(What to do) Could you repeat every line below exactly, skipping the images?

[Collected data]

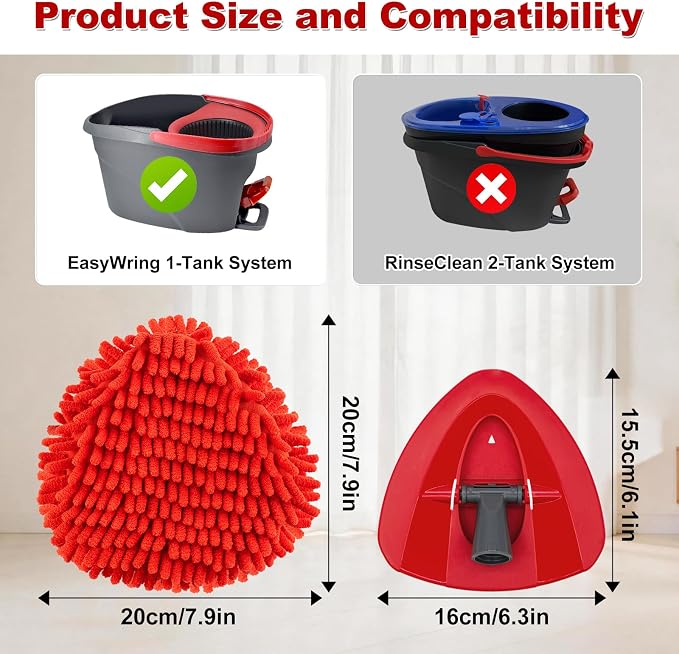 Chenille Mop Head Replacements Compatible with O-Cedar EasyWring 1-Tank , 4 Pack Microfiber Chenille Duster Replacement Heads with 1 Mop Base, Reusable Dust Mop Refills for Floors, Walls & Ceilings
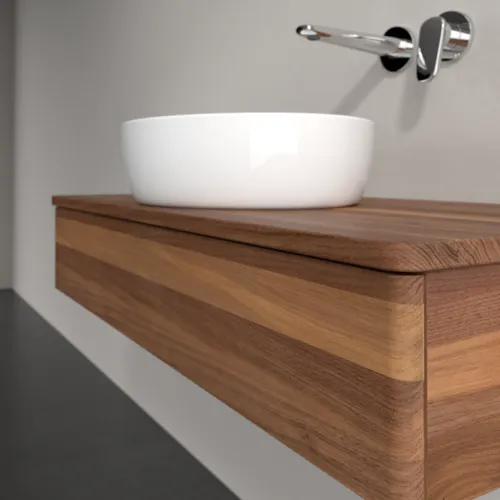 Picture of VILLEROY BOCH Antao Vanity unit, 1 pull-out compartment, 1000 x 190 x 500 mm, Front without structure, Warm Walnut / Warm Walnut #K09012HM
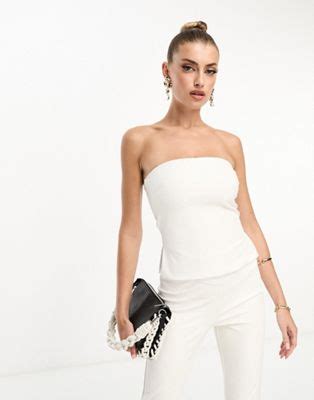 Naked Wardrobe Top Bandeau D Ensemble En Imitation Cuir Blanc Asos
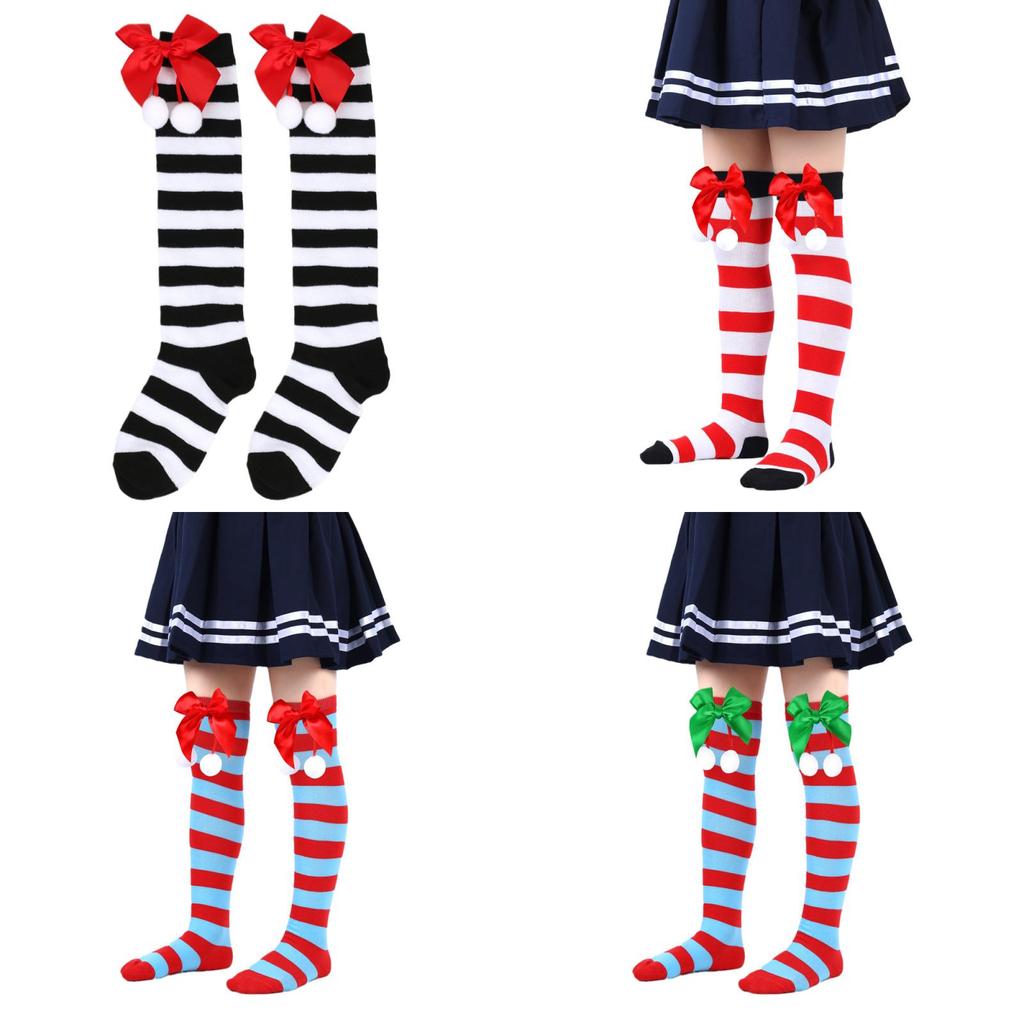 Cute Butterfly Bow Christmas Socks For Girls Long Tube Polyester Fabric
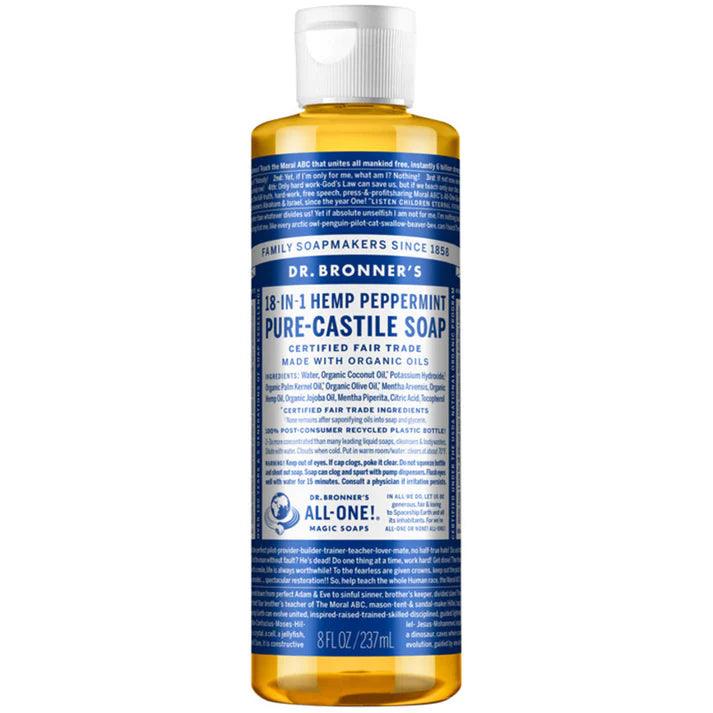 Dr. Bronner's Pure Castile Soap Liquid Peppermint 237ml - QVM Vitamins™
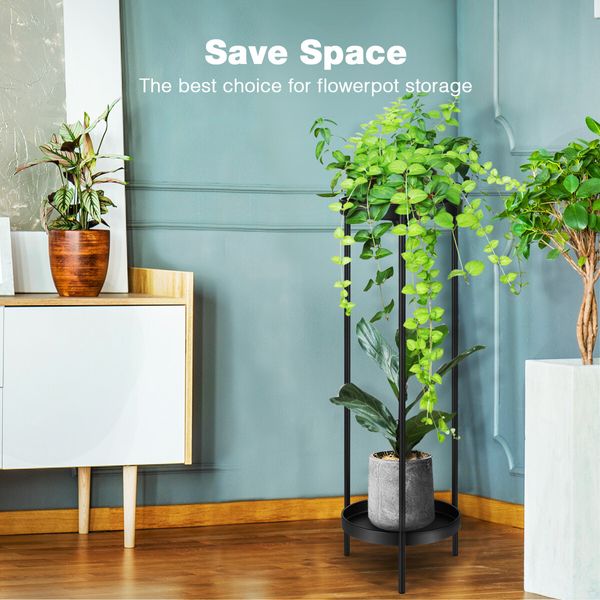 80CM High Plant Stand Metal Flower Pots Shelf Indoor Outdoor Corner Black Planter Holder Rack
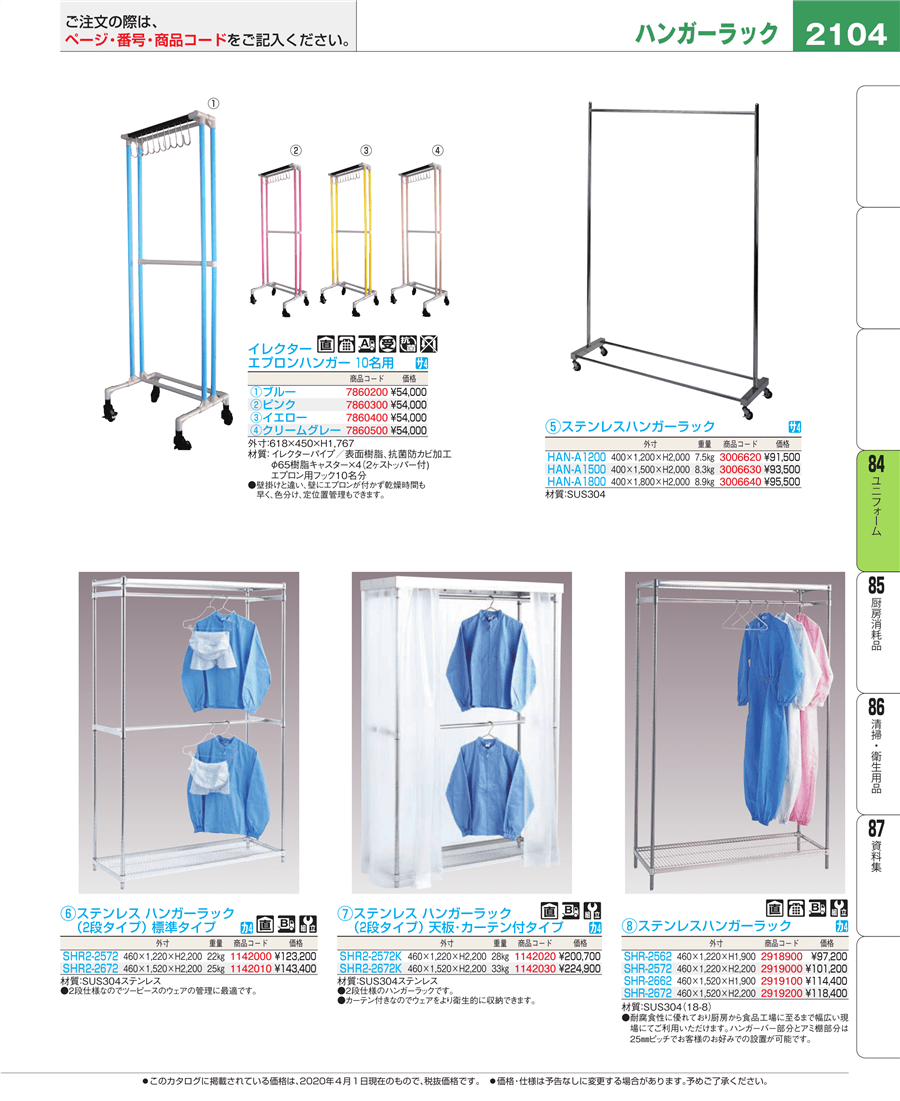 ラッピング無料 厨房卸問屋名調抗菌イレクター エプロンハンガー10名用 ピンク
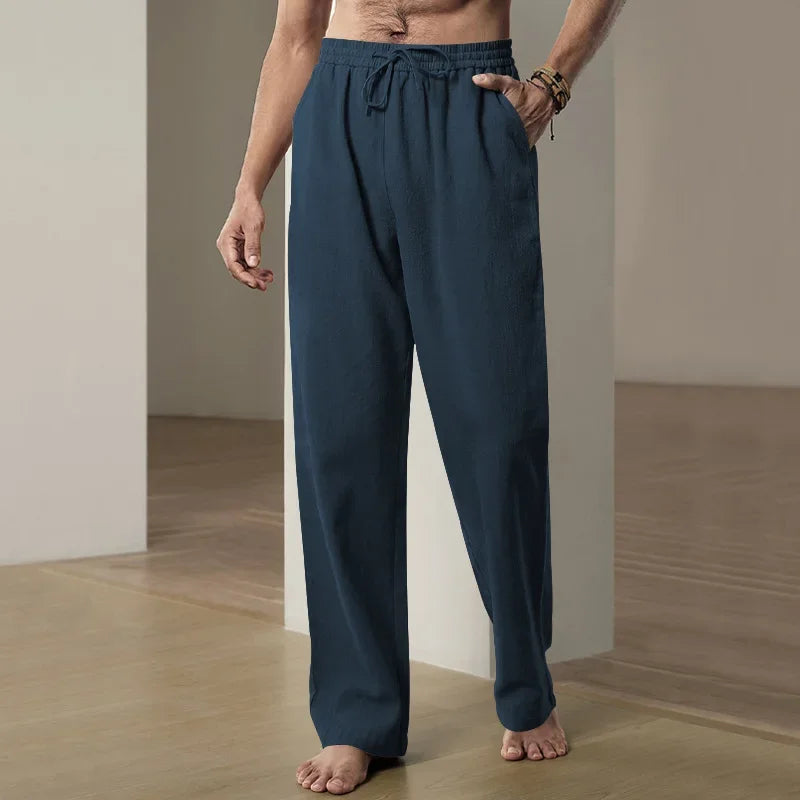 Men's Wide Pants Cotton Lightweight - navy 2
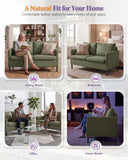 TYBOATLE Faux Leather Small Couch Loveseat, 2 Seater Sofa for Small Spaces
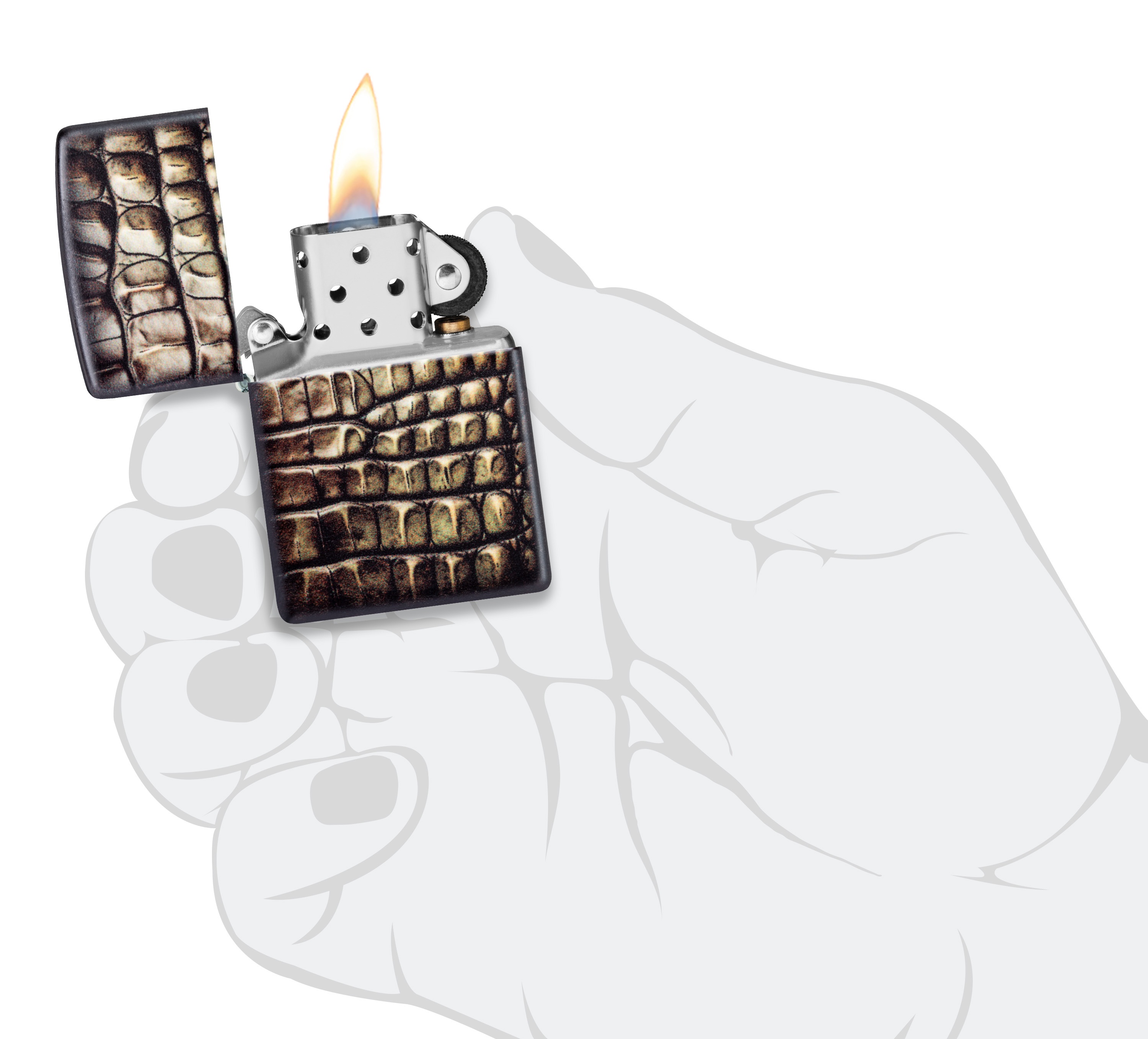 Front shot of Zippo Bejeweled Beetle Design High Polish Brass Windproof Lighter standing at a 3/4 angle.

(Task solution)
 Chenille Mop Head Replacements Compatible with O-Cedar EasyWring 1-Tank , 4 Pack Microfiber Chenille Duster Replacement Heads with 1 Mop Base, Reusable Dust Mop Refills for Floors, Walls & Ceilings
 Picture of VILLEROY BOCH Antao Vanity unit, 1 pull-out compartment, 1000 x 190 x 500 mm, Front without structure, Warm Walnut / Warm Walnut #K09012HM
 Naked Wardrobe Top Bandeau D Ensemble En Imitation Cuir Blanc Asos
 Cute Butterfly Bow Christmas Socks For Girls Long Tube Polyester Fabric
 Dr. Bronner's Pure Castile Soap Liquid Peppermint 237ml - QVM Vitamins™
 80CM High Plant Stand Metal Flower Pots Shelf Indoor Outdoor Corner Black Planter Holder Rack
 ラッピング無料 厨房卸問屋名調抗菌イレクター エプロンハンガー10名用 ピンク
 Men's Wide Pants Cotton Lightweight - navy 2
 TYBOATLE Faux Leather Small Couch Loveseat, 2 Seater Sofa for Small Spaces
 Front shot of Zippo Bejeweled Beetle Design High Polish Brass Windproof Lighter standing at a 3/4 angle.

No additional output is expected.